In 1999, Atlanta signed a 20-year $20.8 million deal with United Water. At the time, it was the nation’s largest public-private partnership contract. But Mayor Shirley Franklin, who took office after the deal was signed, canceled the contract in January 2003, citing a city audit of United Water operations that showed the company had not kept up with maintenance and repair work.
According to a letter from the Georgia Department of Transportation, United Water failed to repair a recurring leak that had been a problem for at least two years and didn’t make the repairs until the state threatened to hire a contractor to fix the problem and to charge United Water for the work.
In Stockton, Calif., residents collected enough signatures to require a vote on contracting out the city’s water services, but politics got in the way. The mayor got the City Council to do an end-run around its concerned residents and vote for privatization before a ballot vote could be taken. The petitioners responded by circulating new petitions requiring a vote. The company looking to take control of Stockton’s water, OMI-Thames Water, donated $75,000 in one week’s time to defeat the petition.
In February 2003, the City Council approved a 20-year $600 million contract with OMI-Thames Water for the operation and maintenance of the city’s water, wastewater and stormwater utilities. OMI-Thames began operating Stockton’s water utilities six months later.
The city’s water services are now controlled by California Water Service Co. (Cal Water), which is the largest investor-owned American water utility west of the Mississippi River and the third largest in the country, according to its website. Cal Water is the largest subsidiary of the California Water Service Group, which also includes Washington Water Service Co., New Mexico Water Service Co., Hawaii Water Service Co. and CWS Utility Services. This conglomerate provides regulated and non-regulated utility services to about 2 million people in 100 communities.
One of the main arguments for privatization of water systems is that it will save municipalities money. For example, the aforementioned mayor of Stockton claimed that the deal with OMI-Thames Water would save the city as much as $97 million compared to continued public utility operation.
However, a study by the Pacific Institute found that Stockton stands to lose $1.7 million over the life of the deal.
In fact, the National Research Council has stated, “except for short-term cash flow purposes, or the rare circumstances of low public credit, municipal debt will remain the most practical and least expensive form of financing” for water and wastewater services.
In some states, however, the question of water ownership starts before a raindrop even hits the ground. Laws restricting property owners from collecting water that falls on their property have been on the books for a while in many western states, despite studies that have found that letting people collect rainwater on their property actually reduces demand on water facilities and improves conservation.

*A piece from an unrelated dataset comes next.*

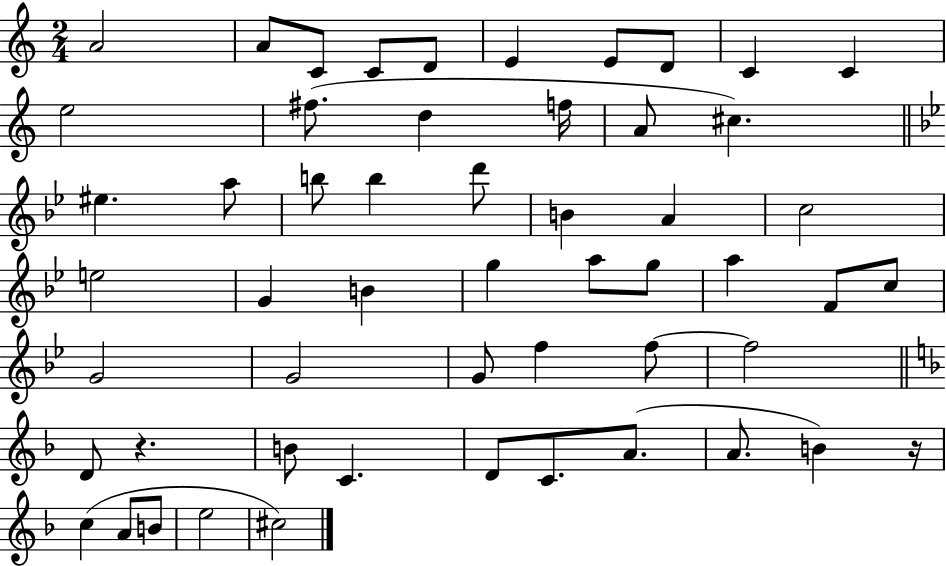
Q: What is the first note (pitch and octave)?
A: A4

Until last May, it was illegal in Utah to divert rainwater without a valid water right. Storage is now limited to one underground 2,500-gallon container or two aboveground 100-gallon containers. Collection and use are limited to the same parcel of land owned or leased by the rainwater collector.
Colorado and Washington have rainwater and snowmelt collection restrictions that limit the free use of water that has fallen from the heavens. These restrictions vary among different areas of each state.
In Washington, reclamation of rainwater is illegal because it is considered a natural resource that is owned by the state and falls under the jurisdiction of the State Department of Ecology.
“This debate goes back a long time, but the time is now to have needed conversations about water ownership and management,” Fisher said.